(Source data)
--------------------------------

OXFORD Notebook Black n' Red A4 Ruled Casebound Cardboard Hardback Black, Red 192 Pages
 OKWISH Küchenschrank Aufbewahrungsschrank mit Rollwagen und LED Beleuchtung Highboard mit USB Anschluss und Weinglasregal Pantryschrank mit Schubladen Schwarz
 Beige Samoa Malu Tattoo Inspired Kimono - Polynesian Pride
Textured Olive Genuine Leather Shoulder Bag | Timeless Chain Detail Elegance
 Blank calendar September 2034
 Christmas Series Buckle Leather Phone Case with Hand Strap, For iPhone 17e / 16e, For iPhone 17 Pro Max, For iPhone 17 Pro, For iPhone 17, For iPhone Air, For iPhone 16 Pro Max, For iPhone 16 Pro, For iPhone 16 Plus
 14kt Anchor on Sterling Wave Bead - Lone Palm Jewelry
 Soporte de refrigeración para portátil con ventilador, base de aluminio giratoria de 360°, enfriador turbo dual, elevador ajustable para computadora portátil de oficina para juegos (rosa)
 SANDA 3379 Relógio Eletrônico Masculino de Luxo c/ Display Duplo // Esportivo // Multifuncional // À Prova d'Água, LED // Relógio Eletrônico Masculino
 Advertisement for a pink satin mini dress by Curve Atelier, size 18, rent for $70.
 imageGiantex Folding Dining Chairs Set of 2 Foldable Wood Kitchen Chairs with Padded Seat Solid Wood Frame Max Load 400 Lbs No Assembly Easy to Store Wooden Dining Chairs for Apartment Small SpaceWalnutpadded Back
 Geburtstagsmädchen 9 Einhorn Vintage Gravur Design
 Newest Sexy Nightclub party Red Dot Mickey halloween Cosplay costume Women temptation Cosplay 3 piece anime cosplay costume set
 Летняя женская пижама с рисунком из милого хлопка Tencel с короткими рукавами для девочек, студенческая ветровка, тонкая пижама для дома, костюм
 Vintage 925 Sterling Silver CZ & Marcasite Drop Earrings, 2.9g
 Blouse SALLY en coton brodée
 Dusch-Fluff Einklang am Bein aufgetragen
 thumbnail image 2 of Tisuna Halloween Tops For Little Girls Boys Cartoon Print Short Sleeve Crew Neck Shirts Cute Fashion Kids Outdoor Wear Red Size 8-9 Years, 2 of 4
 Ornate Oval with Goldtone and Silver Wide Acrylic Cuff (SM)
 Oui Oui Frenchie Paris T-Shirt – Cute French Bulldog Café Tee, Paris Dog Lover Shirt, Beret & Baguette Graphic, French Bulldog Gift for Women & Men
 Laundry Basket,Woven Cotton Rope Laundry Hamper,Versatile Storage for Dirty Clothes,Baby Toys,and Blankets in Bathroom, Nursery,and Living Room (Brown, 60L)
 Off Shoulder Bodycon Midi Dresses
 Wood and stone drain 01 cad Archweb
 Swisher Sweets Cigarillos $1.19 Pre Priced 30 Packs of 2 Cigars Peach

--------------------------------

**What is needed**
Could you copy every record above exactly as it stands?

**Solution to this task**
OXFORD Notebook Black n' Red A4 Ruled Casebound Cardboard Hardback Black, Red 192 Pages
 OKWISH Küchenschrank Aufbewahrungsschrank mit Rollwagen und LED Beleuchtung Highboard mit USB Anschluss und Weinglasregal Pantryschrank mit Schubladen Schwarz
 Beige Samoa Malu Tattoo Inspired Kimono - Polynesian Pride
Textured Olive Genuine Leather Shoulder Bag | Timeless Chain Detail Elegance
 Blank calendar September 2034
 Christmas Series Buckle Leather Phone Case with Hand Strap, For iPhone 17e / 16e, For iPhone 17 Pro Max, For iPhone 17 Pro, For iPhone 17, For iPhone Air, For iPhone 16 Pro Max, For iPhone 16 Pro, For iPhone 16 Plus
 14kt Anchor on Sterling Wave Bead - Lone Palm Jewelry
 Soporte de refrigeración para portátil con ventilador, base de aluminio giratoria de 360°, enfriador turbo dual, elevador ajustable para computadora portátil de oficina para juegos (rosa)
 SANDA 3379 Relógio Eletrônico Masculino de Luxo c/ Display Duplo // Esportivo // Multifuncional // À Prova d'Água, LED // Relógio Eletrônico Masculino
 Advertisement for a pink satin mini dress by Curve Atelier, size 18, rent for $70.
 imageGiantex Folding Dining Chairs Set of 2 Foldable Wood Kitchen Chairs with Padded Seat Solid Wood Frame Max Load 400 Lbs No Assembly Easy to Store Wooden Dining Chairs for Apartment Small SpaceWalnutpadded Back
 Geburtstagsmädchen 9 Einhorn Vintage Gravur Design
 Newest Sexy Nightclub party Red Dot Mickey halloween Cosplay costume Women temptation Cosplay 3 piece anime cosplay costume set
 Летняя женская пижама с рисунком из милого хлопка Tencel с короткими рукавами для девочек, студенческая ветровка, тонкая пижама для дома, костюм
 Vintage 925 Sterling Silver CZ & Marcasite Drop Earrings, 2.9g
 Blouse SALLY en coton brodée
 Dusch-Fluff Einklang am Bein aufgetragen
 thumbnail image 2 of Tisuna Halloween Tops For Little Girls Boys Cartoon Print Short Sleeve Crew Neck Shirts Cute Fashion Kids Outdoor Wear Red Size 8-9 Years, 2 of 4
 Ornate Oval with Goldtone and Silver Wide Acrylic Cuff (SM)
 Oui Oui Frenchie Paris T-Shirt – Cute French Bulldog Café Tee, Paris Dog Lover Shirt, Beret & Baguette Graphic, French Bulldog Gift for Women & Men
 Laundry Basket,Woven Cotton Rope Laundry Hamper,Versatile Storage for Dirty Clothes,Baby Toys,and Blankets in Bathroom, Nursery,and Living Room (Brown, 60L)
 Off Shoulder Bodycon Midi Dresses
 Wood and stone drain 01 cad Archweb
 Swisher Sweets Cigarillos $1.19 Pre Priced 30 Packs of 2 Cigars Peach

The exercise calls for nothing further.